Excavations at the site of Shivta provide evidence for complex historical trajectories on both sides of the 640 CE temporal divide between the Byzantine and Early Islamic periods. On the one hand, sealed doorways of a handful of Byzantine residential structures testify to organized abandonment of particular sections of the local population (Tepper Weissbrod and Bar-Oz. 2015). On the other, the finding of an important inscription from one of the Byzantine churches in secondary use suggests that the Christian population of the settlement was largely replaced or converted during the Islamic period (Tepper and Bar-Oz, submitted a). Excavations in urban trash mounds at the site of Elusa provide further evidence to the time and process of societal decline. Chronological determinations from surface surveys, ceramics and carbon 14 dating initially suggest that use of the dumps ceased nearly a century before the end of the Byzantine period in the Levant (6th cent. CE) (Bar-Oz, Weissbrod et al, forthcoming).

Abandonment dynamics of Byzantine settlement in the Negev is also evident in the agricultural hinterland adjacent to sites. Pigeon-raising installations were constructed near fields to produce fertilizer, needed to enrich nutrient-poor desert soils (Tepper et al. in press). Evidence retrieved from excavations of a number of such installations situates them in the context of a complex agro-ecosystem and management geared to dealing with the limitations of a dry environment (Ramsay et al. 2016; Marom et al. submitted).

Compositional and mineralogical analyses of trash mound sediments, material finds and biological remains at Shivta, Elusa and Nessana show that the mounds are composed of dense accumulations of both household and industrial trash. Grape seeds recovered in great abundance and ubiquity from Byzantine landfills at the three sites provide the first direct evidence for extensive consumption of grape products and viticulture in the Negev. Similarly, remains of parrot fish suggest the existence of extensive long-distance trade networks extending at least to the Red Sea (Bar-Oz et al. forthcoming).
Our work has been tremendously productive and we have achieved an especially high level of success in implementing the initial phases of the research project. Over 120 days of systematic fieldwork, which were invested during the first year and a half of the project, produced samples of biological remains and material culture of unprecedented proportion from the Negev Byzantine sites. Preliminary results from ongoing analyses of these materials are highly promising and chart the way forward for the next three and a half years and the successful completion of the project.

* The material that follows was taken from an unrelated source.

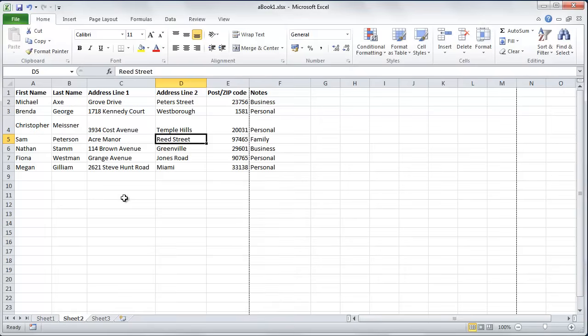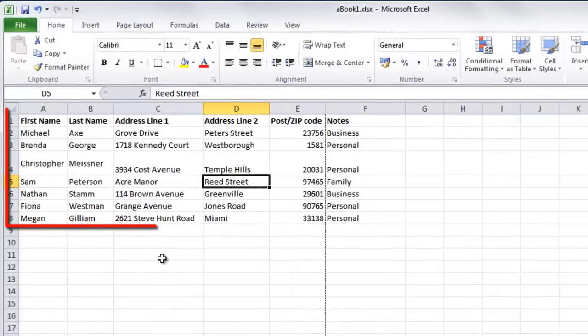In this tutorial, you are going to learn how to sort Excel data by alphabetical order. Start Excel and open the sheet with the data that you want to sort alphabetically.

Based on the initial progress made and the steep curve of amassing data, knowledge and understanding we anticipate that the project stands to make landmark contributions in these three areas of current research:

1. Establishing the first-of-its-kind, high-resolution absolute chronology of the south Levantine mid-1st millennium CE (6th-8th cent.)—a span of time which is increasingly recognized as one of both social and environmental upheavals of global proportions and far-reaching consequences for the course of history.

2. Constructing a unique and comprehensive onsite multi-proxy record of juxtaposed environmental and social information, through which to reconstruct the sequence of crisis-generating events and simultaneous human responses.

3. Providing historical perspectives and substantial time-depth for current attempt to study and understand sustainable development and resilience-building in environmentally marginal regions.

We project that a synthesis of these interlinked strands of research will lead to developing a new and enhanced level of understanding regarding the role of social crisis in guiding the course of cultural history into the future.